- _What this task involves_:
Of the lines below, write out exactly those from the line with "Sale Gallery Photo Thumbnail" through the line with "2753 Chapparal Drive, Melbourne, FL 32934", both included, and skip the rest.

- _Records for processing_:
§ §

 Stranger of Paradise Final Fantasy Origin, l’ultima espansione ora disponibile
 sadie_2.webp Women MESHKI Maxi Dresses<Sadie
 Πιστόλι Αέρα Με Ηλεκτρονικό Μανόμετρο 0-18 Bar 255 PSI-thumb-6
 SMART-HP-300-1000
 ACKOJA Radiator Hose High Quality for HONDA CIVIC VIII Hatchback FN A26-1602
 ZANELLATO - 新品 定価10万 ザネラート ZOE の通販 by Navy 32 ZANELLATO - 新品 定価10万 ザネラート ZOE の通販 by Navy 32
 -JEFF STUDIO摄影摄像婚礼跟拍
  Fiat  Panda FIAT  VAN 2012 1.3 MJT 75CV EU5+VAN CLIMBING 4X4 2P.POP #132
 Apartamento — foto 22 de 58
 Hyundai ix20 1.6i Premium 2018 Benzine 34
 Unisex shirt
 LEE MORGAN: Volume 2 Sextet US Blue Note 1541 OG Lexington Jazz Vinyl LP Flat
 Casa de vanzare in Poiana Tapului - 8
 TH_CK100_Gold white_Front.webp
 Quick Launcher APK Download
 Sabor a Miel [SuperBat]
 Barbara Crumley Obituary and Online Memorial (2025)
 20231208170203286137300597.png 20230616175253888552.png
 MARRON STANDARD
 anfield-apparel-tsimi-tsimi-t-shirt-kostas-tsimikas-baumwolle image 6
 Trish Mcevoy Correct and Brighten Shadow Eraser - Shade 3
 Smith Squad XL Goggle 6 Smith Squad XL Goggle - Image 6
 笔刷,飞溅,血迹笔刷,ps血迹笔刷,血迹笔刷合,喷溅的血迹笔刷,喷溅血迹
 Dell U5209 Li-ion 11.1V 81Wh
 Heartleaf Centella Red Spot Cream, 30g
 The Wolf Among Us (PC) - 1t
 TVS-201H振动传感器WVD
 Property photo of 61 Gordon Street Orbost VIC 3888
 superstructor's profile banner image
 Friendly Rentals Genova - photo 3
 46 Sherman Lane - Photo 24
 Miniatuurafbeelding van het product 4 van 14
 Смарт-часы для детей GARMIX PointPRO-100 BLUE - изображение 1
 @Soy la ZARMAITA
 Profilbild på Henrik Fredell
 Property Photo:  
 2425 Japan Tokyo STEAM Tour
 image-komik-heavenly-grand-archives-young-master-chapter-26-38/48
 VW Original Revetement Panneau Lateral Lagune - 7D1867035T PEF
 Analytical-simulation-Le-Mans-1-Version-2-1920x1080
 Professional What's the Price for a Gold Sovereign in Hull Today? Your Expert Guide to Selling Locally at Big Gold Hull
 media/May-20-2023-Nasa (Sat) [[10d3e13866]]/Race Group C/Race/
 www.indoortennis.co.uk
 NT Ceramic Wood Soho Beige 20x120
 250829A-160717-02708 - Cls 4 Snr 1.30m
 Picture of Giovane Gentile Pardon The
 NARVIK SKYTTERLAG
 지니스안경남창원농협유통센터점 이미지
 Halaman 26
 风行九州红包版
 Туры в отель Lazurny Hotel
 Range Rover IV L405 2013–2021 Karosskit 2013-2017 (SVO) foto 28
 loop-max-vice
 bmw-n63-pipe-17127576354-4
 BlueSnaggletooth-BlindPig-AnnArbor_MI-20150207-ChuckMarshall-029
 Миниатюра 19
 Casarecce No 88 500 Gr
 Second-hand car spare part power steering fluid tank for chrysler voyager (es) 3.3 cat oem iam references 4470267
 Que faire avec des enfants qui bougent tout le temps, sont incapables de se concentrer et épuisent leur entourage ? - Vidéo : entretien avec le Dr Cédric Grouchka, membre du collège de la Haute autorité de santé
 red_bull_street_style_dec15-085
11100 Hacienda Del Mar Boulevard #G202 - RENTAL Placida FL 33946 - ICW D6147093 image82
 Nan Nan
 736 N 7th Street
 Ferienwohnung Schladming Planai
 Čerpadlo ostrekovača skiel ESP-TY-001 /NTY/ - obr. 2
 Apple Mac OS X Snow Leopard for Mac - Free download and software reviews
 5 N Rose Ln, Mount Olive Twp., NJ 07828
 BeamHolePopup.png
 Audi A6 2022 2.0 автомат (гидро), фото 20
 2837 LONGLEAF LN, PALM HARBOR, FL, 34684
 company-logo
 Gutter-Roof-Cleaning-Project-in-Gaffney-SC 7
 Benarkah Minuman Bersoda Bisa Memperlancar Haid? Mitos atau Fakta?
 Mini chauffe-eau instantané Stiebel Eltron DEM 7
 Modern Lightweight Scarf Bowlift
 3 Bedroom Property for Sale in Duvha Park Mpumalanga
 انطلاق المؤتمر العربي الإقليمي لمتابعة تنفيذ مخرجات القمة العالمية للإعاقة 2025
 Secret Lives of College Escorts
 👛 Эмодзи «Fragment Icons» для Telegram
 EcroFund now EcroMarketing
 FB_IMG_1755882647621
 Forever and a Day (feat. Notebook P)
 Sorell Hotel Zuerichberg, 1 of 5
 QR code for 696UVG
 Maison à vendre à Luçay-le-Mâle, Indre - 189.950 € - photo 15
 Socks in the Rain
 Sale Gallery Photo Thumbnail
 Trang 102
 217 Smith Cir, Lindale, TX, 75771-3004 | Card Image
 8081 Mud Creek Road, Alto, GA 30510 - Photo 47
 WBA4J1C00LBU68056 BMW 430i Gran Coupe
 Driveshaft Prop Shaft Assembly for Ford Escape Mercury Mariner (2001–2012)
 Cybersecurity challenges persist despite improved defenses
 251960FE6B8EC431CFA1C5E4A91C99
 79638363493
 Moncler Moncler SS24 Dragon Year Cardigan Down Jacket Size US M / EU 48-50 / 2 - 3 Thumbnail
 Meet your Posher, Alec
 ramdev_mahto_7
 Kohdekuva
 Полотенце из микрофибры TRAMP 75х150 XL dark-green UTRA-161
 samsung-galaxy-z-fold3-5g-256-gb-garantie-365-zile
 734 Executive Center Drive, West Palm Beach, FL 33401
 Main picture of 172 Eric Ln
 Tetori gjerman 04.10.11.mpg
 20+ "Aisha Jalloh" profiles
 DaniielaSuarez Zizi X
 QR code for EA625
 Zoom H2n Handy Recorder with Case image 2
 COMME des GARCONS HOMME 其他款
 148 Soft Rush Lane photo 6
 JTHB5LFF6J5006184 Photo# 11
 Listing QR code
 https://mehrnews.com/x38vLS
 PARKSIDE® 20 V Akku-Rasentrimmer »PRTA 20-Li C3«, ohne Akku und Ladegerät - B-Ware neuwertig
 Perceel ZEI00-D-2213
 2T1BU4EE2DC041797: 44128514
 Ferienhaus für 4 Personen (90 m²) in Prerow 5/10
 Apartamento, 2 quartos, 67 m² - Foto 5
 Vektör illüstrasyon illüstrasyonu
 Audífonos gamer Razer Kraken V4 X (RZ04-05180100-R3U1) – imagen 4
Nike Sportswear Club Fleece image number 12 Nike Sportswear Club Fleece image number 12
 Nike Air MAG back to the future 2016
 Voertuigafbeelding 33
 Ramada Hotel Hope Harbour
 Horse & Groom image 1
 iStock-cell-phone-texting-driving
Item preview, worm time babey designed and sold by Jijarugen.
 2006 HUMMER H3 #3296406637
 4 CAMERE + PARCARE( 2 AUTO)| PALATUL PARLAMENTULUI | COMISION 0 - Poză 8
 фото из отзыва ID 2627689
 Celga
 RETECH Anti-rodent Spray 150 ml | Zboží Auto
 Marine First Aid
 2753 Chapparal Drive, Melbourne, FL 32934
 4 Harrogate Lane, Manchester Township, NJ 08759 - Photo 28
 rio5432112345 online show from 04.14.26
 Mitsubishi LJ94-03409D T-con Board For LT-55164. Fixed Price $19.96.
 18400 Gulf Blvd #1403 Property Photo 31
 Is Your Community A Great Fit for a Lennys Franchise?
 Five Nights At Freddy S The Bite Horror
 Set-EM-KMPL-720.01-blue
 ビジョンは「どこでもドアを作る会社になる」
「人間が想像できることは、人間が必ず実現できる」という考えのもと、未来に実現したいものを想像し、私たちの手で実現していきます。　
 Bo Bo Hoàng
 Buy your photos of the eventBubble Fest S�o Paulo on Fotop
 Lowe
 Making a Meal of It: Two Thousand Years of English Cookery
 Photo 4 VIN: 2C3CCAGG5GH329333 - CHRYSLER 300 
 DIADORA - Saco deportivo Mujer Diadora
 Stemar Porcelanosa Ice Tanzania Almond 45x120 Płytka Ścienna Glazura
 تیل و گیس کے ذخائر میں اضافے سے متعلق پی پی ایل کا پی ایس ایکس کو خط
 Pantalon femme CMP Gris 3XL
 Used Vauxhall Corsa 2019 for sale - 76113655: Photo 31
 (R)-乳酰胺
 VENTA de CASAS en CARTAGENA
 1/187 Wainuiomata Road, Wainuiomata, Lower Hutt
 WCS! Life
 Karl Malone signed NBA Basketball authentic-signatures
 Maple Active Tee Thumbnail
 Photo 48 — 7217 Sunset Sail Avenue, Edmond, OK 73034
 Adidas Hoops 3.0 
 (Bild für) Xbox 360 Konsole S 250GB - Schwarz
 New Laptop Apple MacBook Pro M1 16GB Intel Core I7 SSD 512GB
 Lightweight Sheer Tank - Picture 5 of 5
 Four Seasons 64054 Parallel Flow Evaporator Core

§ §

- _Task result_:
 Sale Gallery Photo Thumbnail
 Trang 102
 217 Smith Cir, Lindale, TX, 75771-3004 | Card Image
 8081 Mud Creek Road, Alto, GA 30510 - Photo 47
 WBA4J1C00LBU68056 BMW 430i Gran Coupe
 Driveshaft Prop Shaft Assembly for Ford Escape Mercury Mariner (2001–2012)
 Cybersecurity challenges persist despite improved defenses
 251960FE6B8EC431CFA1C5E4A91C99
 79638363493
 Moncler Moncler SS24 Dragon Year Cardigan Down Jacket Size US M / EU 48-50 / 2 - 3 Thumbnail
 Meet your Posher, Alec
 ramdev_mahto_7
 Kohdekuva
 Полотенце из микрофибры TRAMP 75х150 XL dark-green UTRA-161
 samsung-galaxy-z-fold3-5g-256-gb-garantie-365-zile
 734 Executive Center Drive, West Palm Beach, FL 33401
 Main picture of 172 Eric Ln
 Tetori gjerman 04.10.11.mpg
 20+ "Aisha Jalloh" profiles
 DaniielaSuarez Zizi X
 QR code for EA625
 Zoom H2n Handy Recorder with Case image 2
 COMME des GARCONS HOMME 其他款
 148 Soft Rush Lane photo 6
 JTHB5LFF6J5006184 Photo# 11
 Listing QR code
 https://mehrnews.com/x38vLS
 PARKSIDE® 20 V Akku-Rasentrimmer »PRTA 20-Li C3«, ohne Akku und Ladegerät - B-Ware neuwertig
 Perceel ZEI00-D-2213
 2T1BU4EE2DC041797: 44128514
 Ferienhaus für 4 Personen (90 m²) in Prerow 5/10
 Apartamento, 2 quartos, 67 m² - Foto 5
 Vektör illüstrasyon illüstrasyonu
 Audífonos gamer Razer Kraken V4 X (RZ04-05180100-R3U1) – imagen 4
Nike Sportswear Club Fleece image number 12 Nike Sportswear Club Fleece image number 12
 Nike Air MAG back to the future 2016
 Voertuigafbeelding 33
 Ramada Hotel Hope Harbour
 Horse & Groom image 1
 iStock-cell-phone-texting-driving
Item preview, worm time babey designed and sold by Jijarugen.
 2006 HUMMER H3 #3296406637
 4 CAMERE + PARCARE( 2 AUTO)| PALATUL PARLAMENTULUI | COMISION 0 - Poză 8
 фото из отзыва ID 2627689
 Celga
 RETECH Anti-rodent Spray 150 ml | Zboží Auto
 Marine First Aid
 2753 Chapparal Drive, Melbourne, FL 32934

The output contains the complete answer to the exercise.